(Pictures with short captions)
# # #

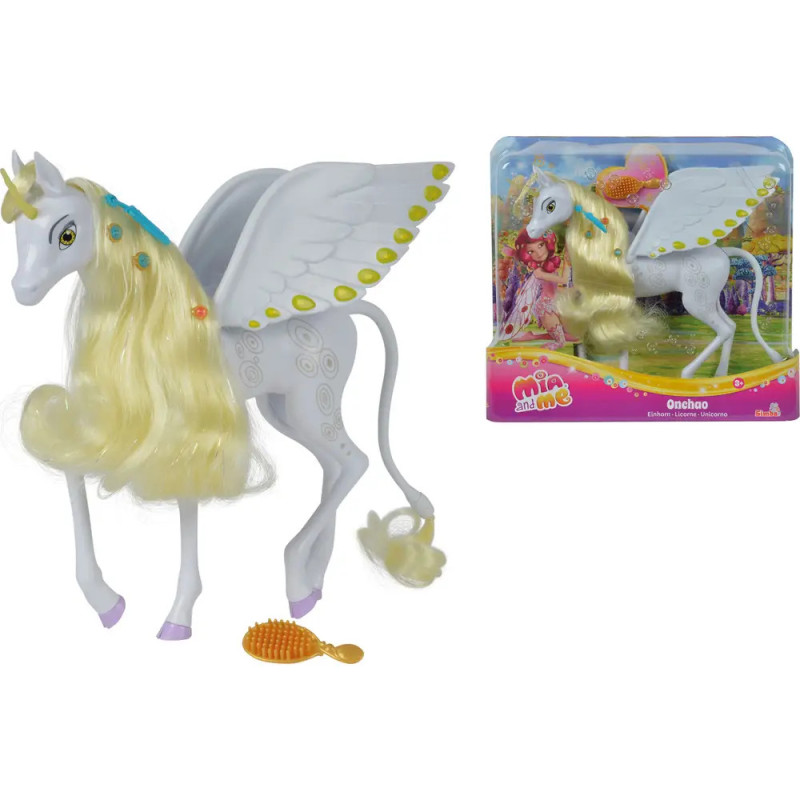Weißes Einhorn-Spielzeug mit Flügeln, langer blonder Mähne, gelber Bürste und Verpackung im Hintergrund.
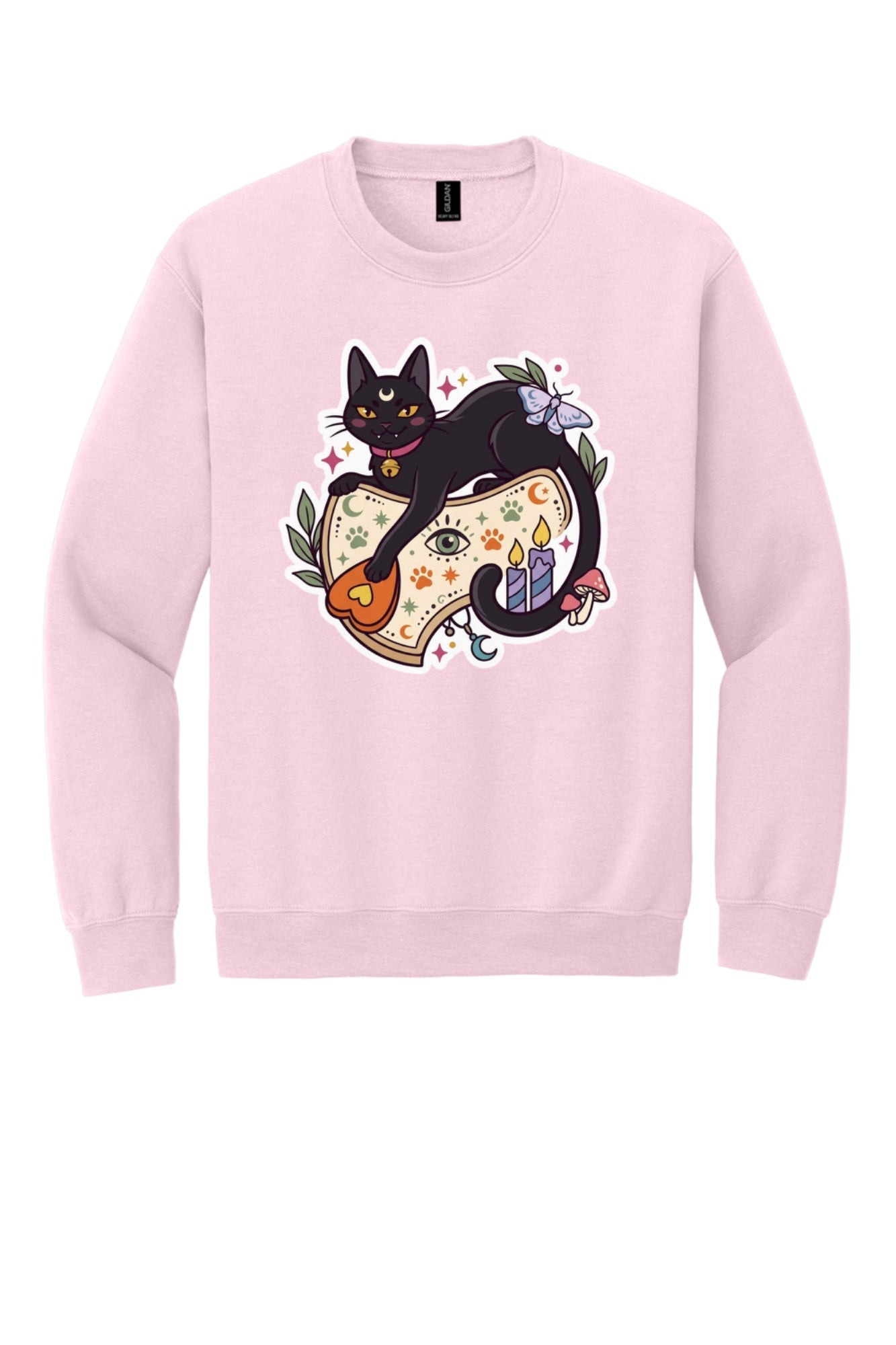 Black cat witch familiar ouija planchette Halloween crewneck sweatshirt with candles moth and moon in Light Pink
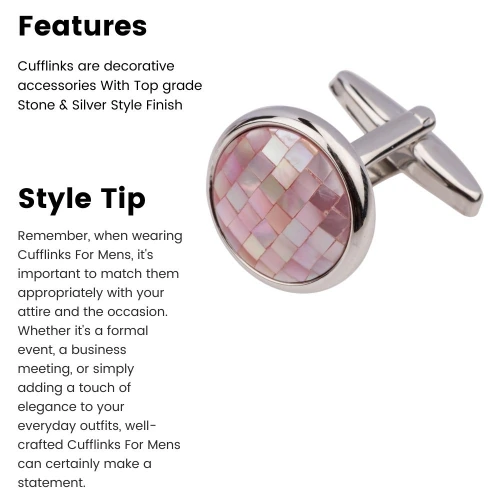Pink Mother of Pearl Cufflinks for Men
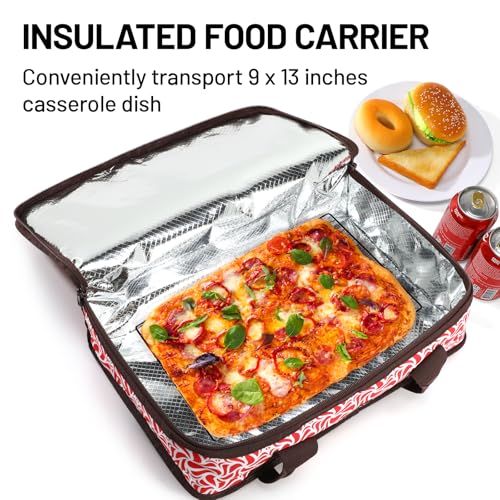 MIER Insulated Casserole Carrier for Hot or Cold Food Thermal Food Carrier Bag for Lasagna Potluck Parties Picnic Cookouts, Fits 9"x13" Baking Dish/Foil Pan, Red - color: Red, size: 16 x 10 x 4 inches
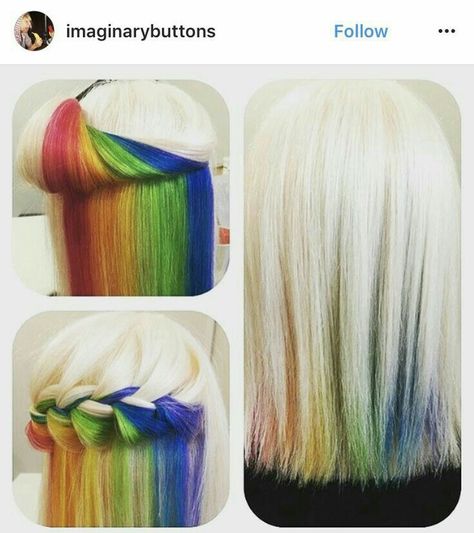 Rainbow Hair Hidden, Hidden Rainbow Hair, Underlights Hair, Opal Hair, New Hair Trends, Rainbow Hair Color, Bright Hair, Unicorn Hair, Colored Hair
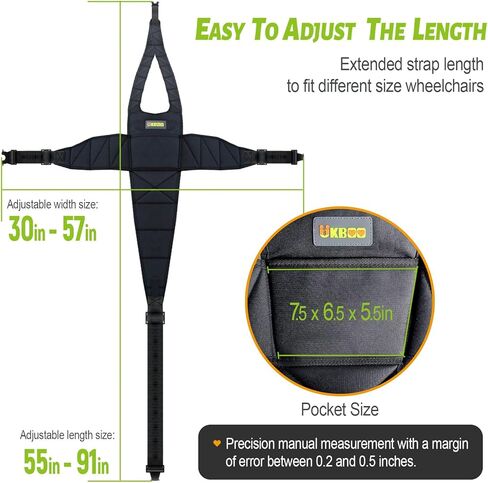 Wheelchair Seatbelt - Safety Belt with Large Chest Pocket, Anti-Slip & Adjustable Design - Wheelchair seat Belt Ideal for Elderly and Disabled - Safety Belt for Elderly - Wheelchair Accessories in Kuwait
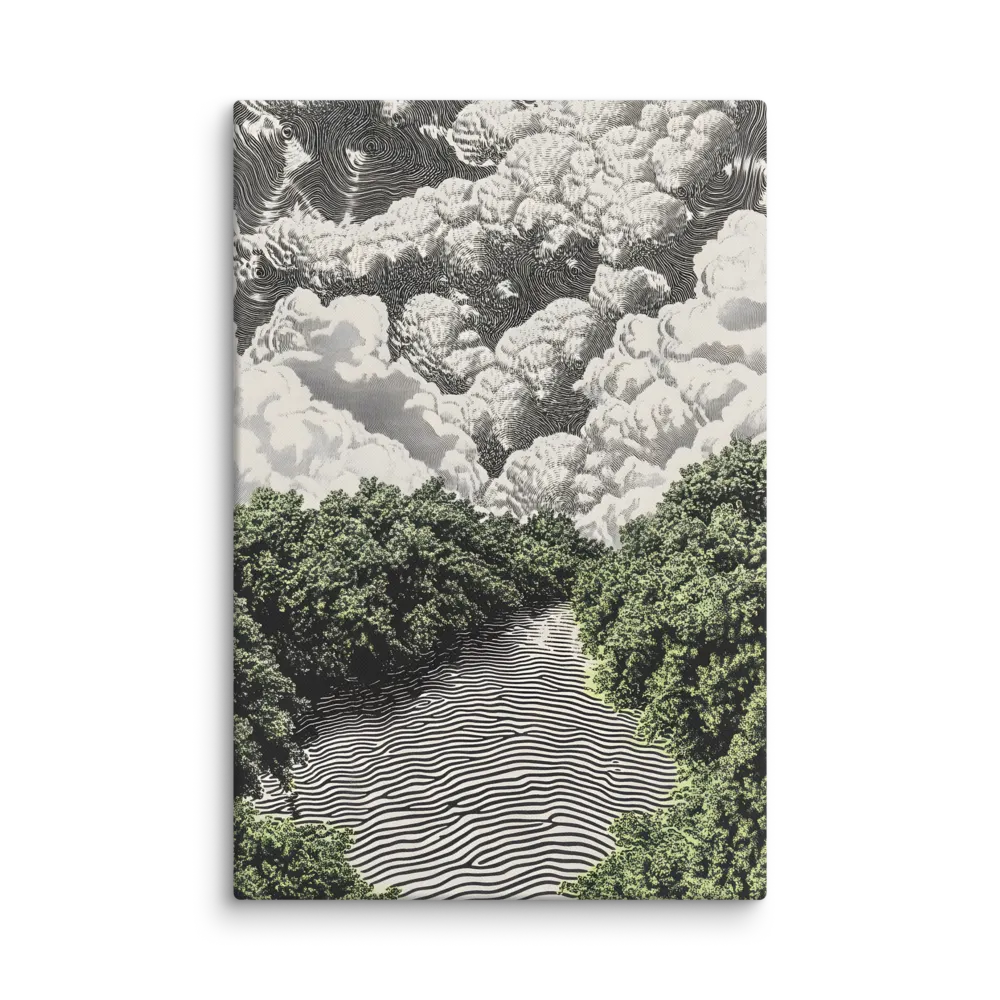 Whispering Woods and Wavy Waters 
 Canvas with White Frame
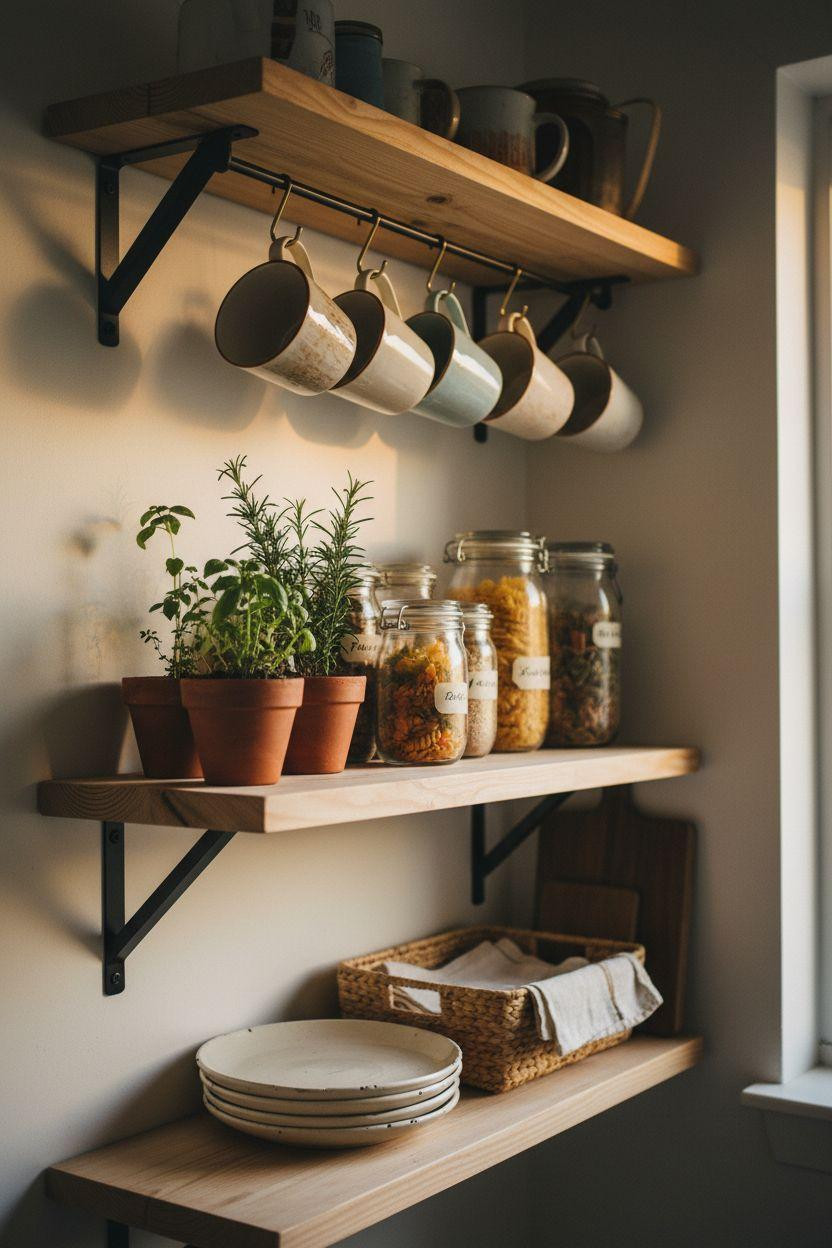 tiny kitchen ideas on a budget featuring DIY wood shelves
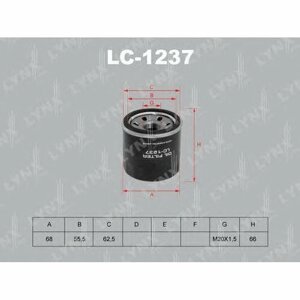 Фильтр масляный для автомобиля Hyundai, LYNXAUTO LC-1237 (1 шт.)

# # #

*TASK GOAL*
Your answer must be an exact copy of the records, minus any pictures.

*RESPONSE TO THE TASK*
Weißes Einhorn-Spielzeug mit Flügeln, langer blonder Mähne, gelber Bürste und Verpackung im Hintergrund.
 Black cat witch familiar ouija planchette Halloween crewneck sweatshirt with candles moth and moon in Light Pink
Pink Mother of Pearl Cufflinks for Men
 MIER Insulated Casserole Carrier for Hot or Cold Food Thermal Food Carrier Bag for Lasagna Potluck Parties Picnic Cookouts, Fits 9"x13" Baking Dish/Foil Pan, Red - color: Red, size: 16 x 10 x 4 inches
 Rainbow Hair Hidden, Hidden Rainbow Hair, Underlights Hair, Opal Hair, New Hair Trends, Rainbow Hair Color, Bright Hair, Unicorn Hair, Colored Hair
 Wheelchair Seatbelt - Safety Belt with Large Chest Pocket, Anti-Slip & Adjustable Design - Wheelchair seat Belt Ideal for Elderly and Disabled - Safety Belt for Elderly - Wheelchair Accessories in Kuwait
 Whispering Woods and Wavy Waters 
 Canvas with White Frame
 tiny kitchen ideas on a budget featuring DIY wood shelves
 Фильтр масляный для автомобиля Hyundai, LYNXAUTO LC-1237 (1 шт.)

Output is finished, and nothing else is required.